§ **Work item**: Your task is to output the listing word for word, with pictures excluded.

§ **The data**:
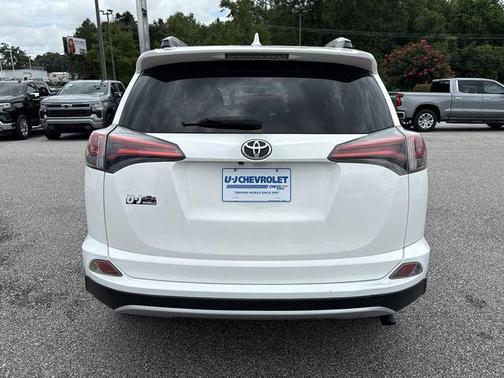 Super White 2016 Toyota RAV4 XLE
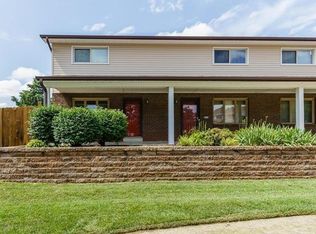 2916 Mayer Dr, Saint Charles, MO 63301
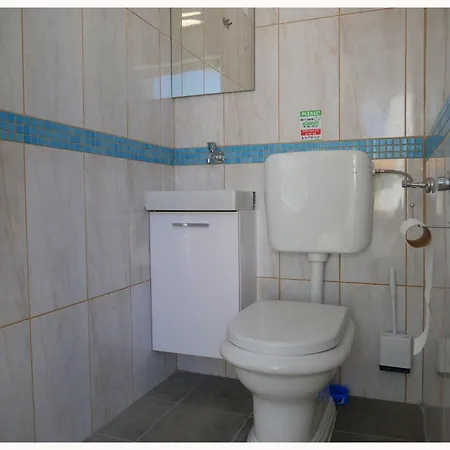 House Luketini Dvori *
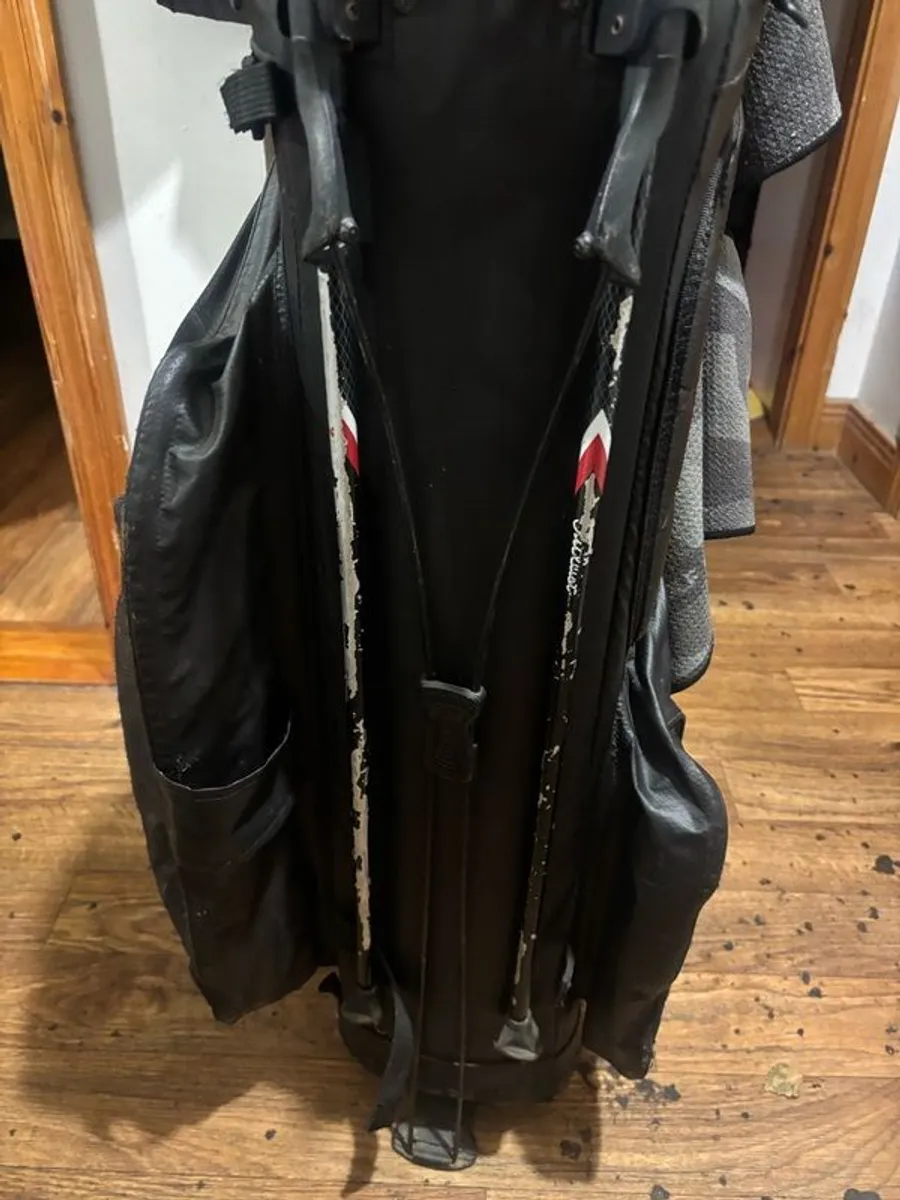 Titleist Carry Bag - Image 2
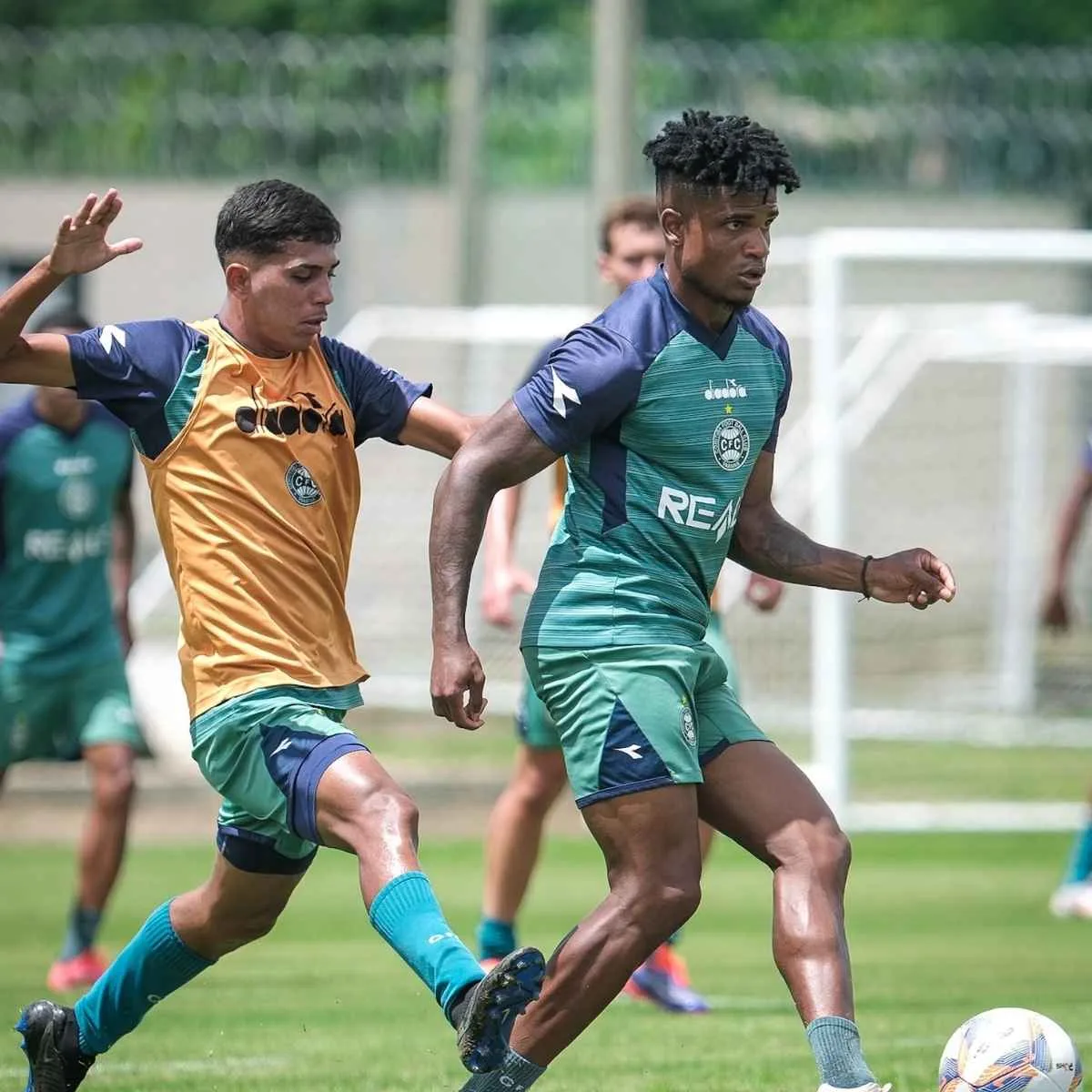 "Quarta, o time principal, comandado por Mozart, estreará no Couto!", publicou o Coritiba no X, seguido de fotos do elenco (Foto: X/coritiba)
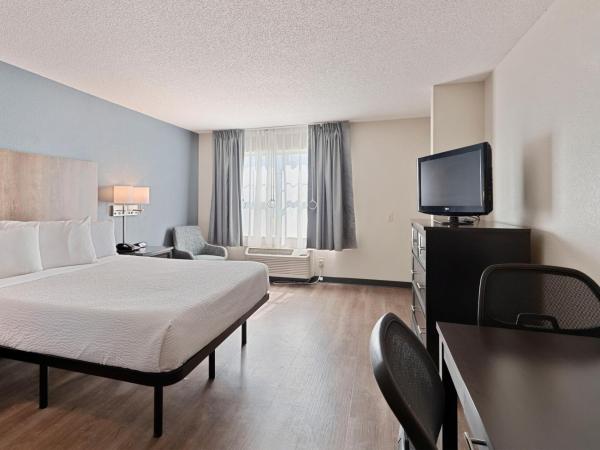 Extended Stay America Suites - Charlotte - Tyvola Rd : photo 8 de la chambre studio avec 1 lit queen-size - accessible aux personnes à mobilité réduite - non-fumeurs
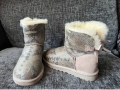 Дамски боти UGG Bailey bow 37, снимка 1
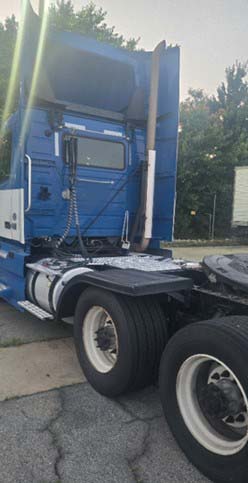 2017 Volvo VNL (2954) - Image 3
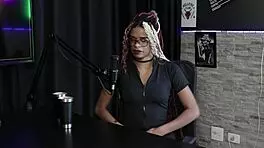 Falou Sobre Mulheres Peludas Recebeu Mensagens Tem Os Ataques Na Internet - Naomi Campos Sheer Red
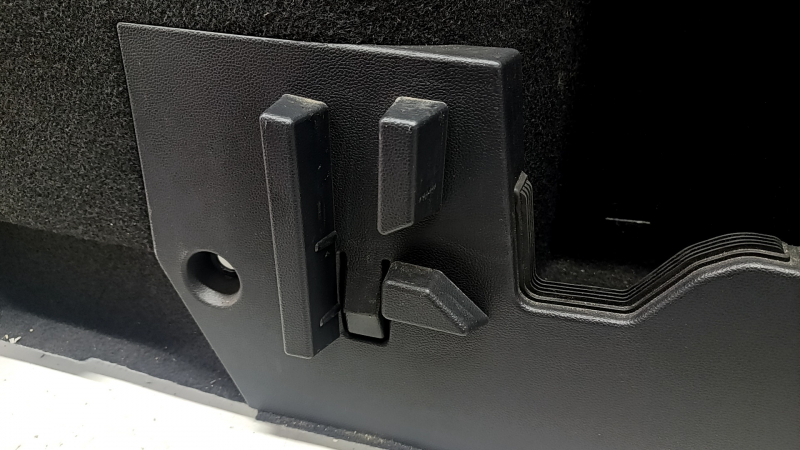 Обшивка арки левая VW Tiguan 18-19 черная под 3 ряда, без подстаканника, царапины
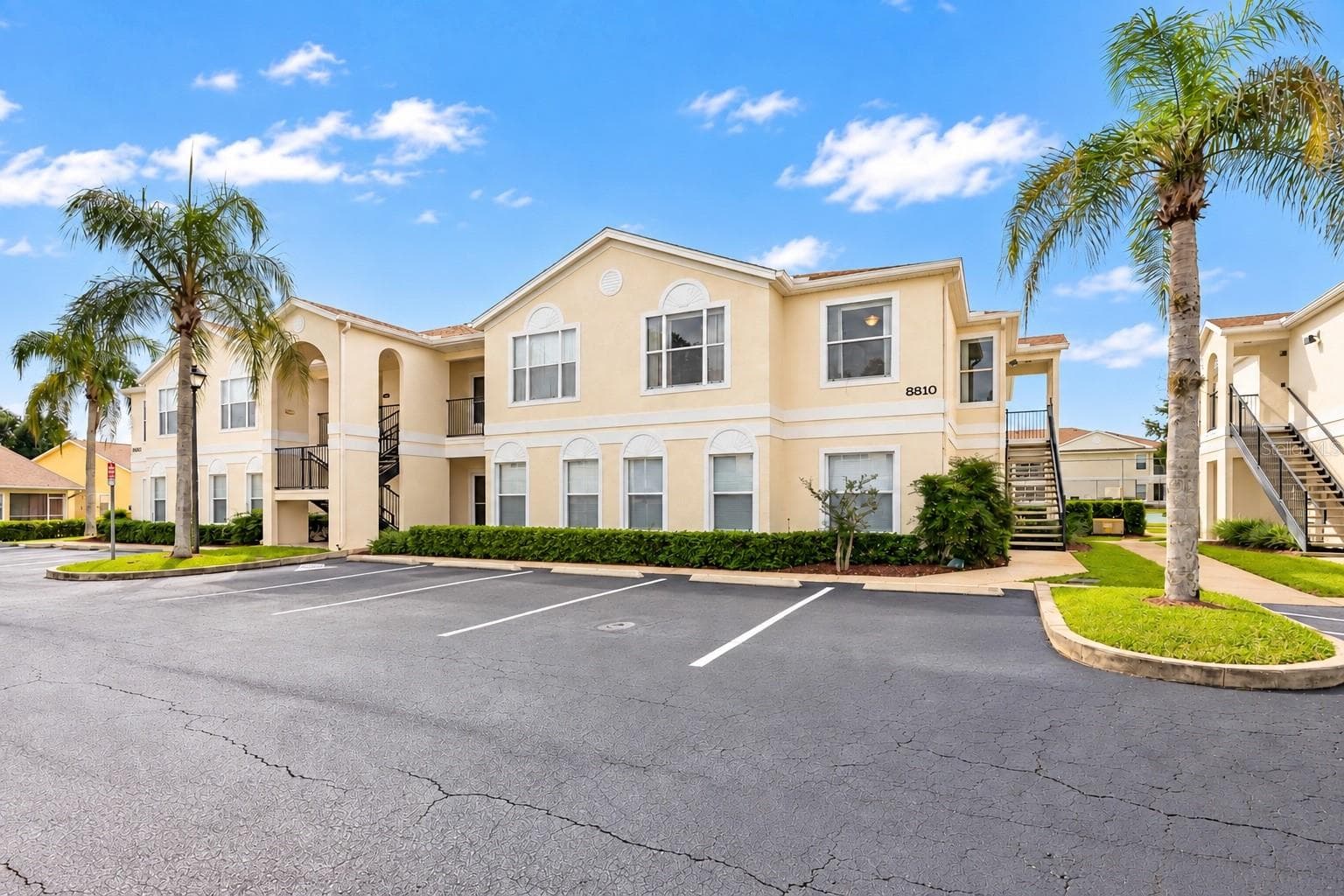 8810 GRAND PALMS CIR #B
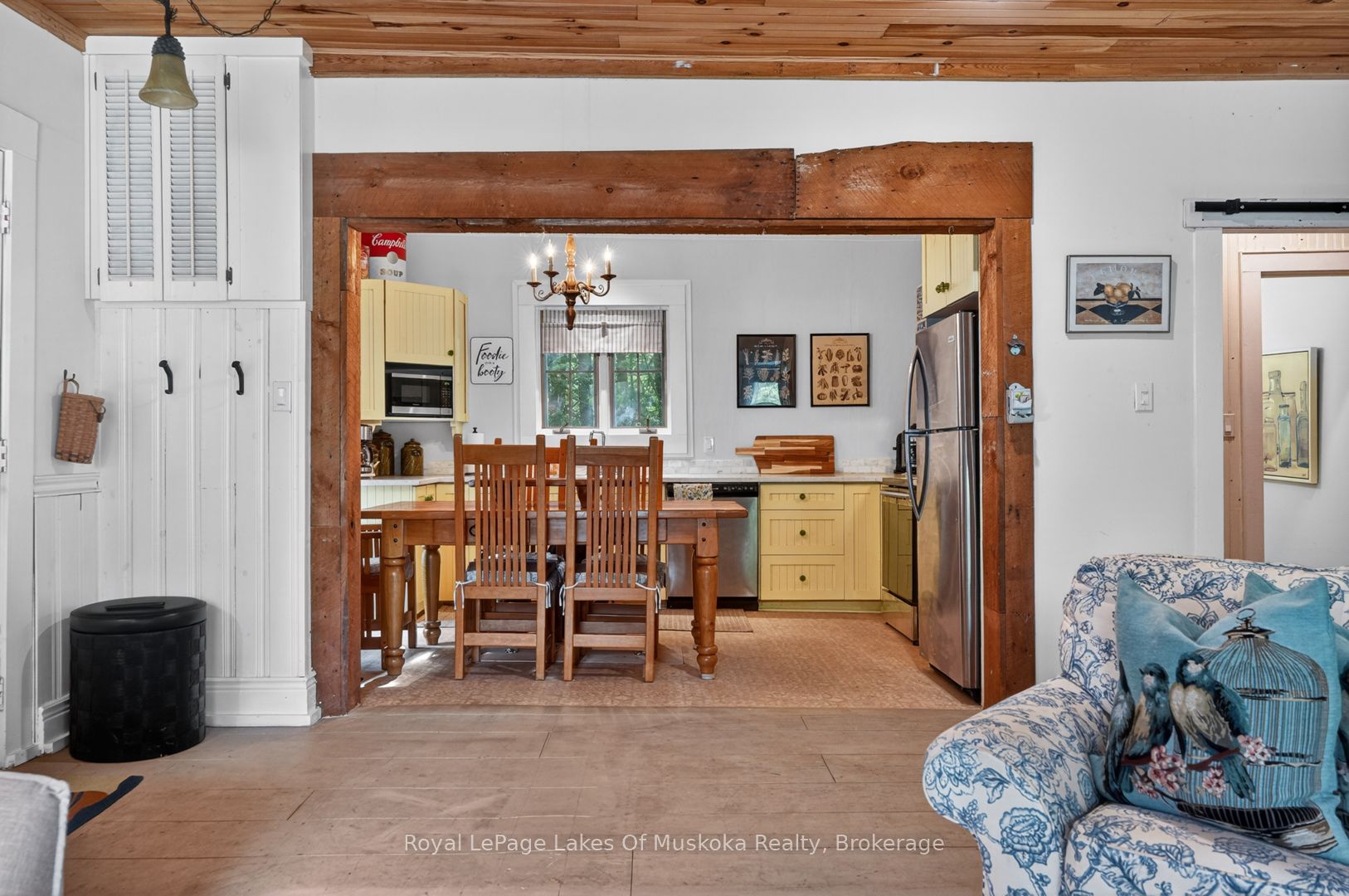 4 Spruce Street E Property Photo 7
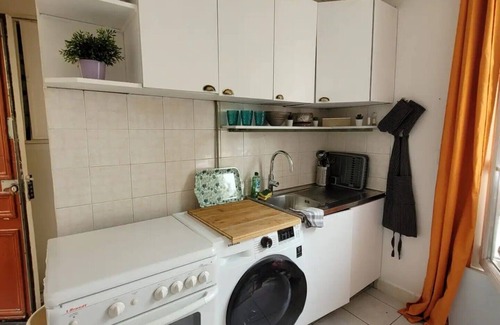Quartier de la Folie-Mericourt Apartment | Len'appart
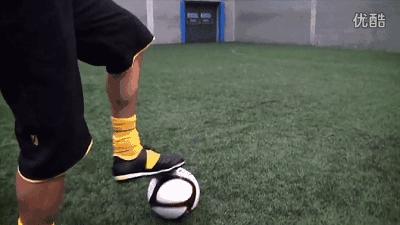 足球技巧长传,足球基本过人拉球技巧讲解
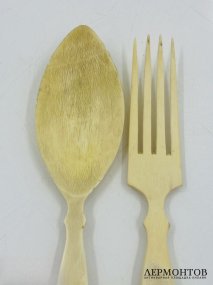 Ложка и вилка для салата. Серебро 84 пробы, кость, П. Овчинников, Россия, 1880-е годы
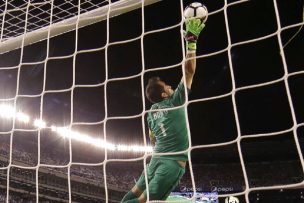 En su cumpleaños N°39: las mejores atajadas de Claudio Bravo en la Roja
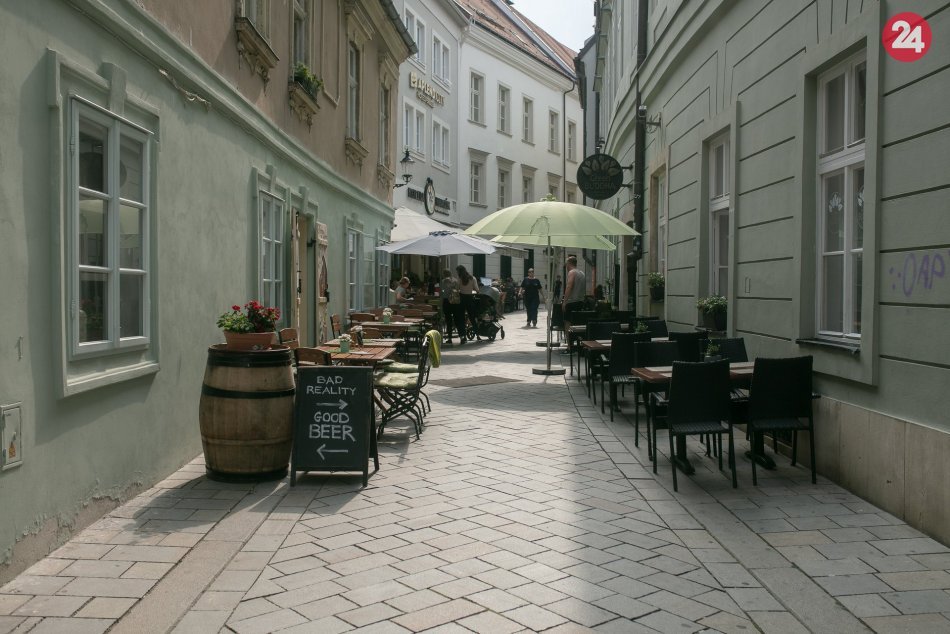 Ilustračný obrázok k článku FOTO: Malebná ulička v centre Bratislavy sa dočká vynovenej dlažby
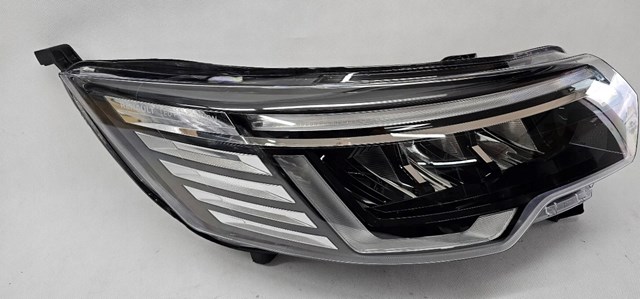 Фара передня права Renault (RVI) 260102899R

§ **Solution to this exercise**:
 Super White 2016 Toyota RAV4 XLE
 2916 Mayer Dr, Saint Charles, MO 63301
 House Luketini Dvori *
 Titleist Carry Bag - Image 2
 "Quarta, o time principal, comandado por Mozart, estreará no Couto!", publicou o Coritiba no X, seguido de fotos do elenco (Foto: X/coritiba)
 Extended Stay America Suites - Charlotte - Tyvola Rd : photo 8 de la chambre studio avec 1 lit queen-size - accessible aux personnes à mobilité réduite - non-fumeurs
 Дамски боти UGG Bailey bow 37, снимка 1
 2017 Volvo VNL (2954) - Image 3
 Falou Sobre Mulheres Peludas Recebeu Mensagens Tem Os Ataques Na Internet - Naomi Campos Sheer Red
 Обшивка арки левая VW Tiguan 18-19 черная под 3 ряда, без подстаканника, царапины
 8810 GRAND PALMS CIR #B
 4 Spruce Street E Property Photo 7
Quartier de la Folie-Mericourt Apartment | Len'appart
 足球技巧长传,足球基本过人拉球技巧讲解
 Ложка и вилка для салата. Серебро 84 пробы, кость, П. Овчинников, Россия, 1880-е годы
 En su cumpleaños N°39: las mejores atajadas de Claudio Bravo en la Roja
 Ilustračný obrázok k článku FOTO: Malebná ulička v centre Bratislavy sa dočká vynovenej dlažby
 Фара передня права Renault (RVI) 260102899R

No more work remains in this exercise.